THE INPUT:
<<<<

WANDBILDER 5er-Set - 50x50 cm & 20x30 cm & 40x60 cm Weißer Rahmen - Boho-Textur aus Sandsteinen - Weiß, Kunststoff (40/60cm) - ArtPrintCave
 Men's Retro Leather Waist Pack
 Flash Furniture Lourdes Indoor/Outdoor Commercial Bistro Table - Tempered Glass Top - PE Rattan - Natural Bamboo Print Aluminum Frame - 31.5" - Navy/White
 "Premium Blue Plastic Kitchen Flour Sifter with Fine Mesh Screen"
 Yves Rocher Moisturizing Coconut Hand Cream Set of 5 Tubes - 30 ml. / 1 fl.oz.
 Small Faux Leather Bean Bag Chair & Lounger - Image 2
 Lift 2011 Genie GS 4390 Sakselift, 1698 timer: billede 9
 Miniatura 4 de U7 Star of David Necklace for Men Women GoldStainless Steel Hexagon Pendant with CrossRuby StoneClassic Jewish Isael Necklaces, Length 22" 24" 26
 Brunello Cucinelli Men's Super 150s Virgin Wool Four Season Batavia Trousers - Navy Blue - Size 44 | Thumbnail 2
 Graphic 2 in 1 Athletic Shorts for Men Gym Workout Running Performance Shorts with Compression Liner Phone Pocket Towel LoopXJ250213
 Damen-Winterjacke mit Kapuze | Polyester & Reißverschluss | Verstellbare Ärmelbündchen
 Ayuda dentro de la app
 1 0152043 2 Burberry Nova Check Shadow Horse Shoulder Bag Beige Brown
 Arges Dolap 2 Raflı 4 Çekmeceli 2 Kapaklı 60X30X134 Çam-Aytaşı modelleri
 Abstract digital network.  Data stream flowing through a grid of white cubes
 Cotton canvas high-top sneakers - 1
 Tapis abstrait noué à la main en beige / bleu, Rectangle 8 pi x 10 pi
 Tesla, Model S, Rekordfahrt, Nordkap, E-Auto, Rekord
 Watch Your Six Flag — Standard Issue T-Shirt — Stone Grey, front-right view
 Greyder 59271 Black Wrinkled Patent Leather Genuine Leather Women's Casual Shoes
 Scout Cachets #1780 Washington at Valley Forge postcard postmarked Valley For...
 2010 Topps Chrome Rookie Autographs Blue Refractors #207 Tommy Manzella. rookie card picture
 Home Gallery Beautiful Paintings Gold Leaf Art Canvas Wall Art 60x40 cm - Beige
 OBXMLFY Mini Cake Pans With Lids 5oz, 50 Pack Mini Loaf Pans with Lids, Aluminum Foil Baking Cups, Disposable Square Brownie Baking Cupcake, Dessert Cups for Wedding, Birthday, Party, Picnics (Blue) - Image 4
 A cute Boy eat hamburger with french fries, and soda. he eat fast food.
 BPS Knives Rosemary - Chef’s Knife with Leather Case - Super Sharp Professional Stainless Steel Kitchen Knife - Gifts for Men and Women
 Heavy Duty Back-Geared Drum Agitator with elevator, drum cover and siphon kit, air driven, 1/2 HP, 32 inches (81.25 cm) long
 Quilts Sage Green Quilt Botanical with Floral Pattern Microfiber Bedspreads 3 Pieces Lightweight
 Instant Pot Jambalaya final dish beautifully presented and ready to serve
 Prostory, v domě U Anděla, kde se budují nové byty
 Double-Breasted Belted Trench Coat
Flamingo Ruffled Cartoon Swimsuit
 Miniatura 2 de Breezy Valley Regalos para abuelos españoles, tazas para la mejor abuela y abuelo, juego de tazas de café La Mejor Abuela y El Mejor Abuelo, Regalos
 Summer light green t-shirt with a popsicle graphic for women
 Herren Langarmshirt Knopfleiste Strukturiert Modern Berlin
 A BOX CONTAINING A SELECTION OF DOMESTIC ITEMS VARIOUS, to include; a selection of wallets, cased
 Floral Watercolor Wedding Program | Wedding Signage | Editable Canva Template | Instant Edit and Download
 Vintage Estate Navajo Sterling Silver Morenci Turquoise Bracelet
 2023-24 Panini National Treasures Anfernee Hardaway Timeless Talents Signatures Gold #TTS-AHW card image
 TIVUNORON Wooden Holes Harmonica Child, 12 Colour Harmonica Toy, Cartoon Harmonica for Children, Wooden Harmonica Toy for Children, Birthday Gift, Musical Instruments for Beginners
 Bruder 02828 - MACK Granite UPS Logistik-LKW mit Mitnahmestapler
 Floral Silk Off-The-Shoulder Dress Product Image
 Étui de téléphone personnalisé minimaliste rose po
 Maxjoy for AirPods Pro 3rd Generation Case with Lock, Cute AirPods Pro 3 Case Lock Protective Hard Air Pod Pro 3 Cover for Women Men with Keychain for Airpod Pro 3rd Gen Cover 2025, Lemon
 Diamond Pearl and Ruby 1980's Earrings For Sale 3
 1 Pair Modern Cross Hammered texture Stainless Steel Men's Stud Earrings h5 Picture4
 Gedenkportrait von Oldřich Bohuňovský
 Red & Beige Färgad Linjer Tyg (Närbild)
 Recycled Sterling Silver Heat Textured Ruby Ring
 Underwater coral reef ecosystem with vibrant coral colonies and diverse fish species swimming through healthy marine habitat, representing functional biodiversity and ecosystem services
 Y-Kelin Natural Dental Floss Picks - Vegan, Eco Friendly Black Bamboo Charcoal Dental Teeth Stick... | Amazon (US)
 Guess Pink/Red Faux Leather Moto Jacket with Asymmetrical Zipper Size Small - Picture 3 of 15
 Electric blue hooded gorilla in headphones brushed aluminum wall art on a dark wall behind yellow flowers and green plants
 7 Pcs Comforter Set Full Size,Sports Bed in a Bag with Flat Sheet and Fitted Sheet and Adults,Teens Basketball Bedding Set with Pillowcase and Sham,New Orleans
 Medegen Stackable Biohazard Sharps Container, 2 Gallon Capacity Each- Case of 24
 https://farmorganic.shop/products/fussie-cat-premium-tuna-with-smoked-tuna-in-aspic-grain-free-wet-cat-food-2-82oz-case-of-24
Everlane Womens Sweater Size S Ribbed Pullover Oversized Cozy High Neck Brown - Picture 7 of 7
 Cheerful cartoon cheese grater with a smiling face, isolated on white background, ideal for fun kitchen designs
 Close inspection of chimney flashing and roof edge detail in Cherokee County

>>>>

TASK GOAL:
In the entries above, identify every line with the word "Natural". Copy those lines.

RESULT BELOW:
 Flash Furniture Lourdes Indoor/Outdoor Commercial Bistro Table - Tempered Glass Top - PE Rattan - Natural Bamboo Print Aluminum Frame - 31.5" - Navy/White
 Y-Kelin Natural Dental Floss Picks - Vegan, Eco Friendly Black Bamboo Charcoal Dental Teeth Stick... | Amazon (US)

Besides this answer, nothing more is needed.